Mass was also interested in the role of macrophages in other tissues, such as osteoclasts in bones. In healthy bones, bone formation and bone loss are in balance. So-called osteoblasts are responsible for building bones, whereas osteoclasts are breaking them down. Mass was able to show that a defect in the growth and differentiation programme of the yolk sac-derived precursors specifically in osteoclasts impairs their function. This leads to an imbalance between bone formation and bone loss, osteoblasts gain the upper hand and harden the bone. In response, mice with a defect in osteoclast formation recruit new macrophages from the bone marrow, a situation that is not possible in patients, in whom germ-line mutations affect all cells in the body, including the haematopoietic stem cells which give rise to an alternative lineage of macrophages. However, a blood transfusion from healthy donors may represent a therapeutic option for these patients, soon be tested in clinical studies.

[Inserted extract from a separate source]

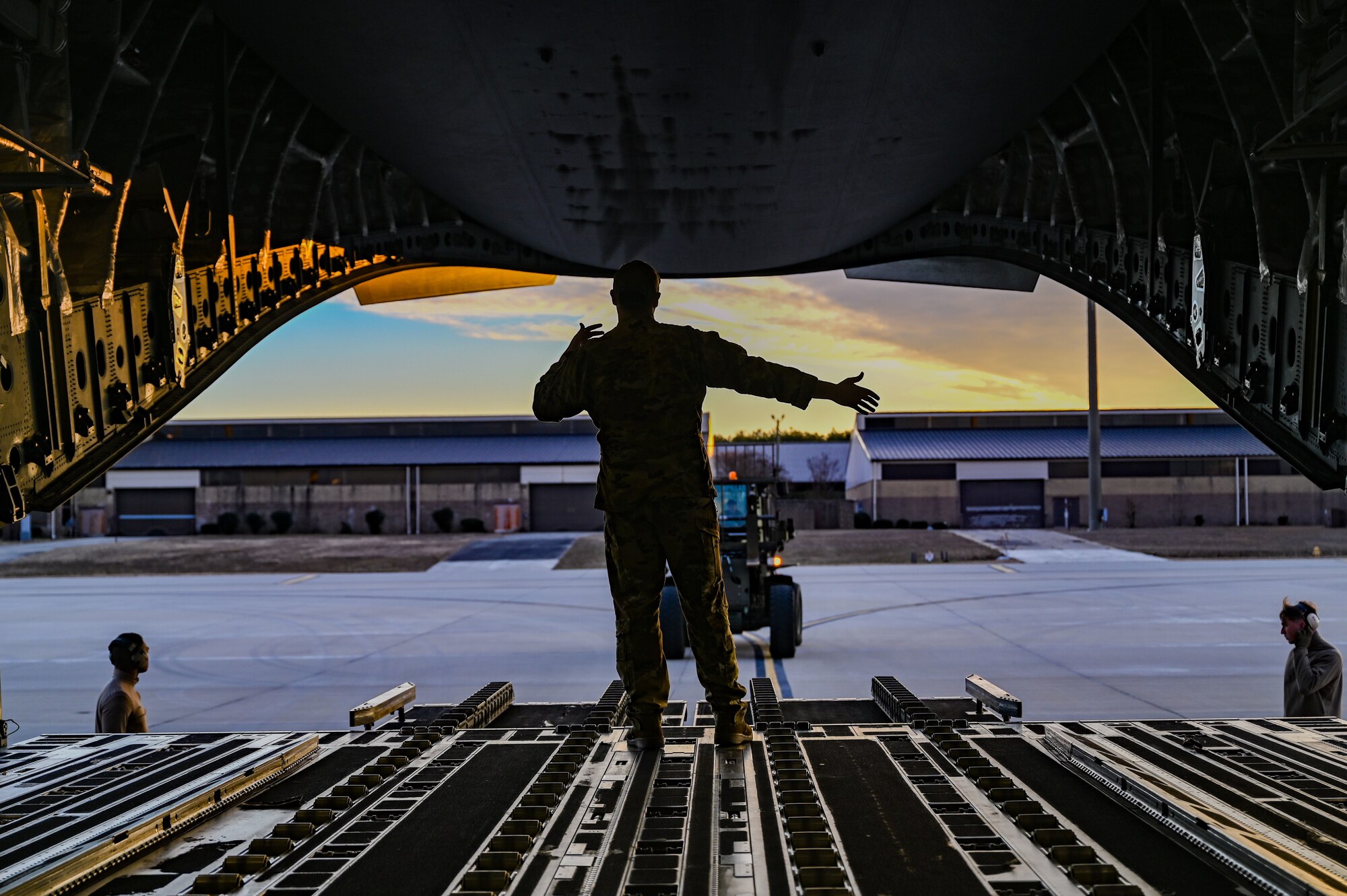 An Airman directs loading of equipment onto a C-17 Globemaster III.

What could harm macrophages?

In the future, Mass plans to investigate which environmental factors change the epigenetic imprinting of yolk sac-derived tissue-resident macrophages and how these changes influence their function. "I am firmly convinced that many diseases are caused by such changes," says Mass about her research. For example, she wants to study the influence of maternal obesity in mice. Mass speculates that the offspring of overweight mice develop a fatty liver disease due to malfunctioning Kupffer cells. With financial support from the European Union, she will also investigate the influence of nanoplastics on macrophages. Particles smaller than 500 nanometers can pass the human placenta and would therefore be able to damage the support function of yolk sac-derived tissue-resident macrophages during organ development.